May 1 is a date now firmly fixed on the calendar for anti-globalisation protests around the world.

What was so astonishing about the comparative calm in the Baltics, where only a handful of demonstrations against this and that were reported, was how insular it showed society in the three Baltic countries to be.

It showed that the Baltics are sometimes an exception to the driving force of globalisation.

The number of people in the Baltic countries who care passionately about the causes that inspire anti-globalisation protesters - environmentalism, animal rights, child labor, third-world debt, the economic domination of multinationals - can be counted on one hand. It would be wise to hold the World Economic Forum and annual meetings of the IMF and World Bank here, away from disruptive crowds.

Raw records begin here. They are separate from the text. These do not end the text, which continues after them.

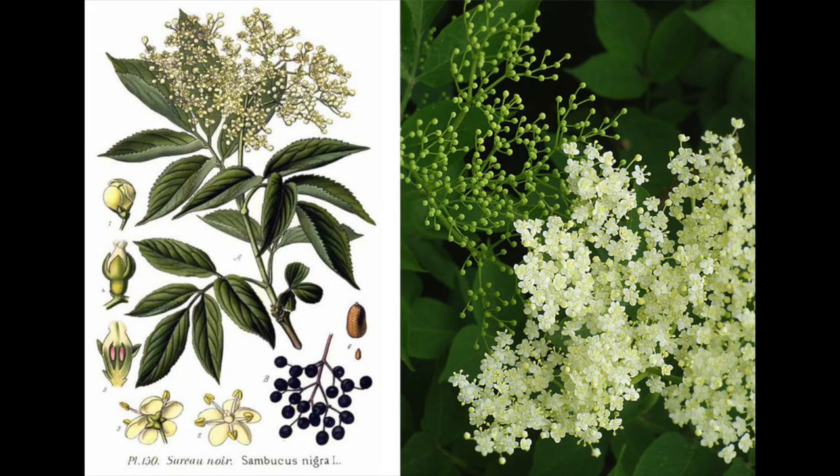There is also sambucus nigra flower water, also known as elderberry — it looks something like this — and it is high in antioxidants. I like the concept of using two dominating ingredients that are good for antioxidant purposes, to remove free radicals, improve skin elasticity, and support collagen production, giving the skin a nice rigid shape.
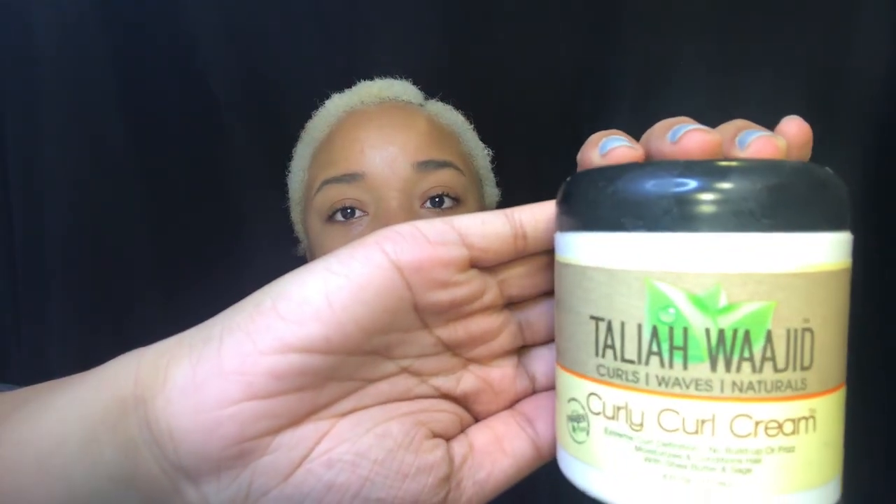I'm going to be using my Tila Wajid Curly Curly Curl Cream, and this is what I like to use in place of eco styler gel. I absolutely love this stuff — it smells so good. I wish I would have used it when I had my longer curly hair. And putting this back here because I do have it faded up; it just feels so good.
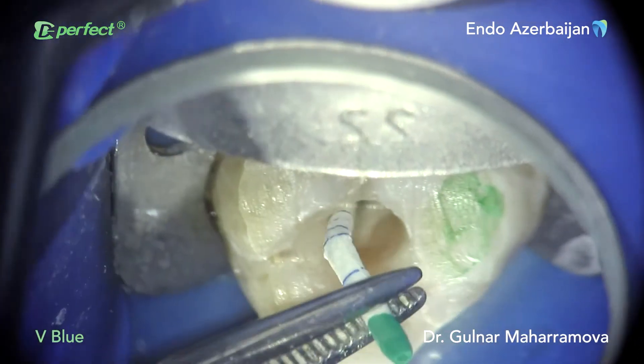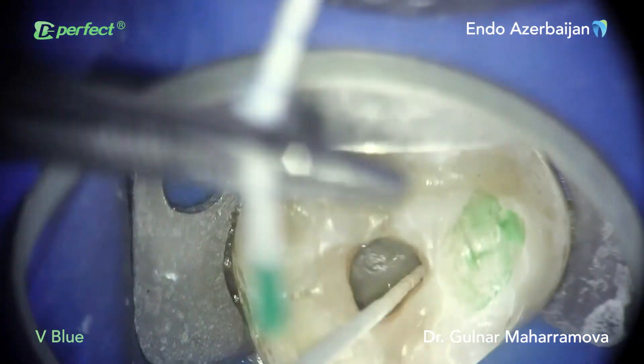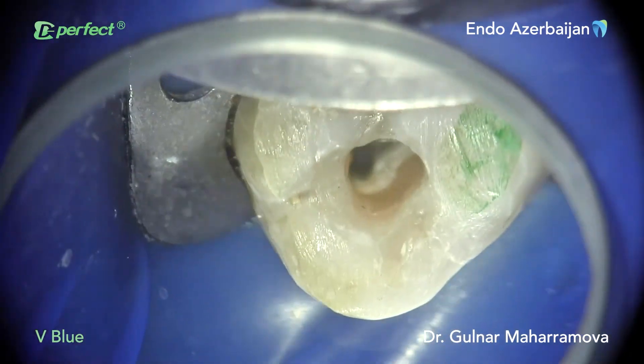The canals were dried and obturated. Injecting warm gutta-percha was placed inside all four canals.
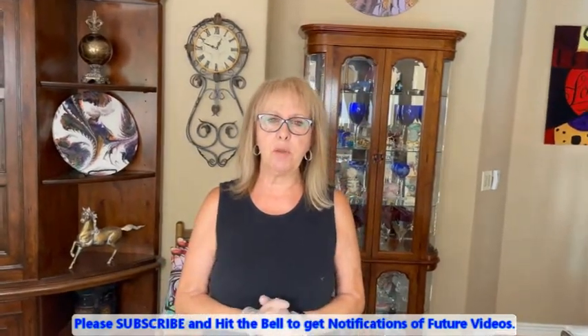Hey, everybody. Kathy here with Pain Pointing by Kathleen Miller. How is everybody today? I have some exciting news for all of you.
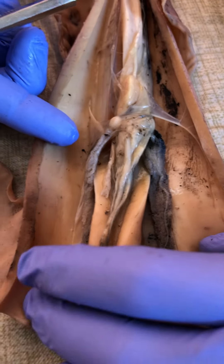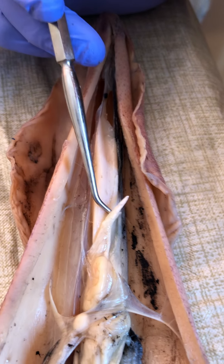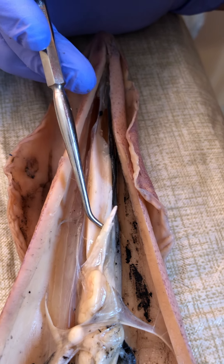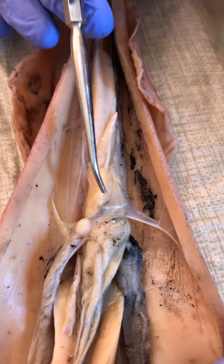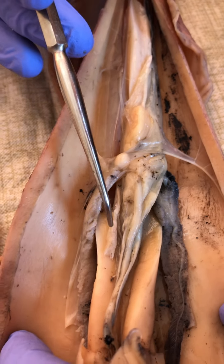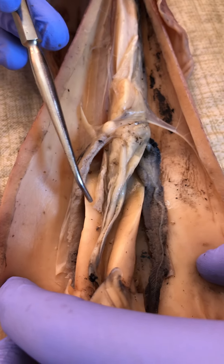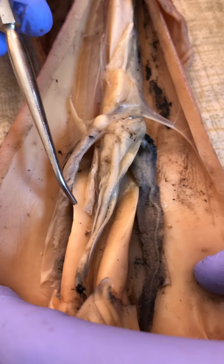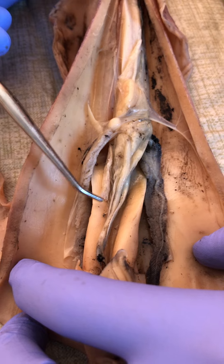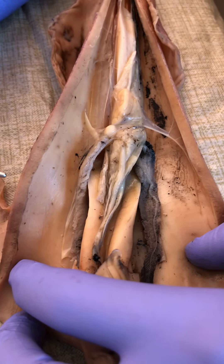Now what I'm gonna do is I'm gonna put my hand across here so I can hold that open. Right here there's the testis, and the testis is making sperm which are stored in the vas deferens, which is right here. And then a spermatophore is released right through the penis. And actually a mature male, one of his arms is gonna be specialized — I think it's the fourth one on the left side — and it would reach up through the siphon and grab the spermatophore and then deliver that into the female's mantle cavity.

It's the lack of awareness about these issues in the Baltic countries that is astonishing. For almost everyone, any talk of anti-globalisation is linked bluntly to anti-capitalism and becomes a throwback to the not-so-distant days of the Soviet Union.

Much of the fault lies with the media, which still report on the who, where, what and how of not just the annual May Day disturbances but all global events - and not on the why.

This year, because May 1 has just returned as a state holiday in Lithuania, all three Baltic states took the day off together for the first time since regaining independence from the Soviet Union. But how many people around the Baltics were actually aware of that?